Prompt Maturity Model | Agentic Engineering

A framework for understanding and designing prompts at different levels of sophistication. Each level builds on the previous, adding new capabilities and complexity.

The Seven Levels

Level 1: Static

What defines it: Hardcoded instructions with no variation. The prompt is the same every time it runs.

When to use it: For simple, repeatable tasks that never need customization. Quick utilities where the overhead of parameters isn't worth it.

Example: A command that always formats code the same way, or always runs the same test suite.

# format-code.md
Run prettier on all TypeScript files in src/

Trade-offs:

Pros: Simplest to write and understand. No state to manage.
Cons: Inflexible. Requires creating new commands for variations.

Level 2: Parameterized

What defines it: Uses $ARGUMENTS or other variables to accept input at runtime.

When to use it: When you need the same logic with different inputs. The behavior is consistent but the data varies.

Example: From the knowledge base examples, commands that take a file path or topic as input.

# review-file.md
Review the file at $ARGUMENTS for clarity and completeness.

Trade-offs:

Pros: Reusable across different inputs. Still straightforward logic.
Cons: Limited to simple substitution.
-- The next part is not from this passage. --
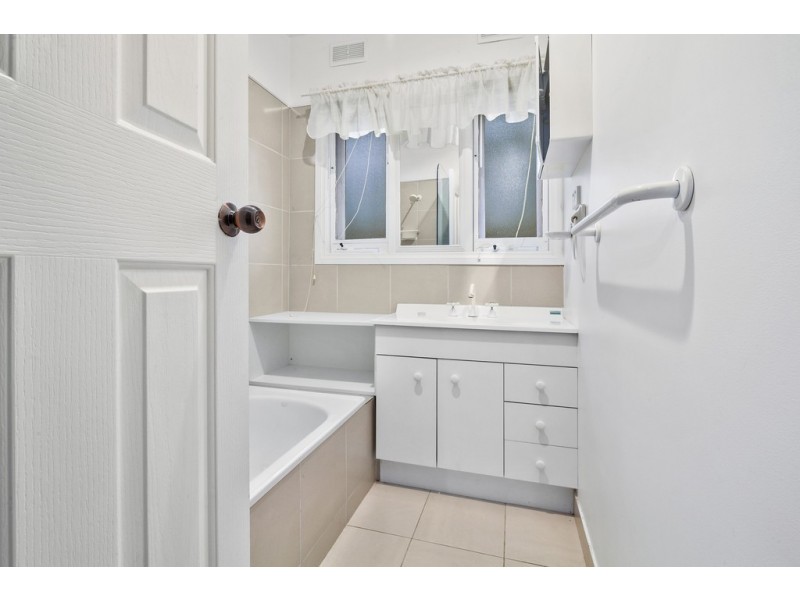 23 Warrawee Avenue, Norlane VIC 3214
No branching behavior.

Level 3: Conditional

What defines it: Contains if/else logic or branching based on input characteristics.
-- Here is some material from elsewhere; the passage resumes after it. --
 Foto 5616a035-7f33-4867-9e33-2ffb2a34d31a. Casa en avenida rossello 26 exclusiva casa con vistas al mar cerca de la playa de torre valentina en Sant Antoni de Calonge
When to use it: When the same command needs to behave differently depending on what it receives.

Example: A command that processes markdown differently than code files, or handles different file types.

# analyze.md
If $ARGUMENTS contains .ts or .js:
  - Check for type safety issues
Else if $ARGUMENTS contains .md:
  - Check for broken links
Else:
  - Provide general analysis

Trade-offs:

Pros: One command handles multiple scenarios. More intelligent.
Cons: Logic can become complex. Harder to predict behavior.

Level 4: Contextual

What defines it: Reads external files or project state before acting. Uses context to inform decisions.

When to use it: When the prompt needs to understand the broader environment. Common with project-aware commands.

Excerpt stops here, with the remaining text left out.